Summary: Smyrna: Comfort for the Persecuted
The Seven, part 8
Smyrna: Comfort for the Persecuted
July 7, 2013
We have seen that the Revelation was written to address specific issues with seven churches in Asia Minor at the end of the first century. We saw in chapter one that John describes a portrait of the Lord of the church to encourage the churches under attack that Christ is coming to vindicate his church and judge his enemies. As we look at these seven churches we see a pattern emerge in each letter – an introduction; an evaluation; an exhortation; and a benediction. Last week we saw that Ephesus was theologically astute but had lost their devotion or passion for Christ. Life and ministry had become mere duty, even religious obligation without a desire for Jesus so his word to them was to renew your devotion to me. Today we look at the letter to the church in Smyrna who was suffering persecution. This letter is different than the letter to Ephesus, there is no rebuke and no call for repentance.
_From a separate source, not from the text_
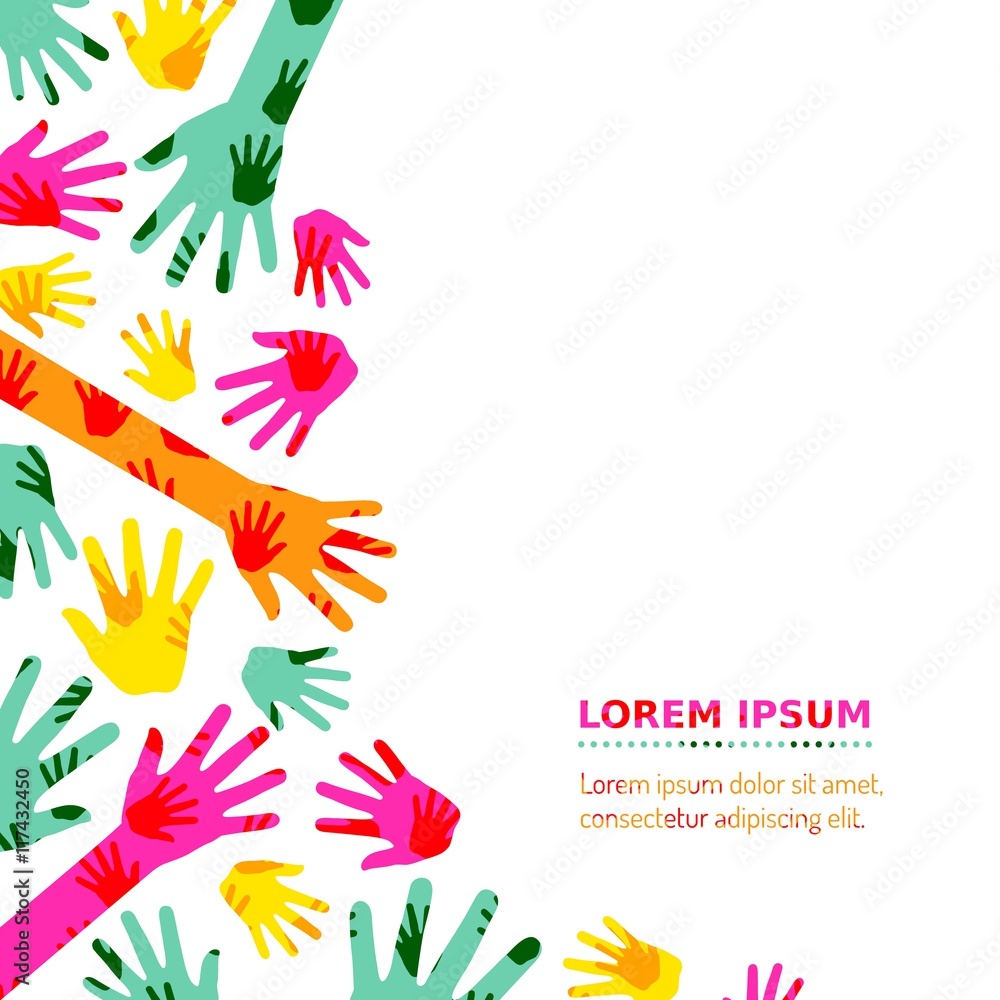 Fototapeta premium Colorful hands background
The two most common interpretations for what John means by 'the angel of the church' is that the angel is the pastor of the church or that the angel is the personification of the church. Jesus commands John to write because the bible is the primary way God communicates to his people. These seven letters are prophetic letters. I have said before that in the Old Testament, the prophets spoke the very words of God to the people of God. Their words were accepted as inspired by God so were written down as Old Testament scripture. In the New Testament apostles replaced the Old Testament prophets as those who spoke the very words of God to the people of God. Their words were accepted as inspired by God so were written as New Testament scripture. But there is also prophecy in the New Testament where men and women spoke merely human words to describe something God brought to their mind for the encouragement and edification of the church but because this form of prophecy is fallible we are told to “test everything, hold fast what is good.”
He is writing to the church. I have said much about how the bible understands the corporate nature of the church. The New Testament describes Christians as part of a local church; it knows nothing of Christians who are not part of a local church.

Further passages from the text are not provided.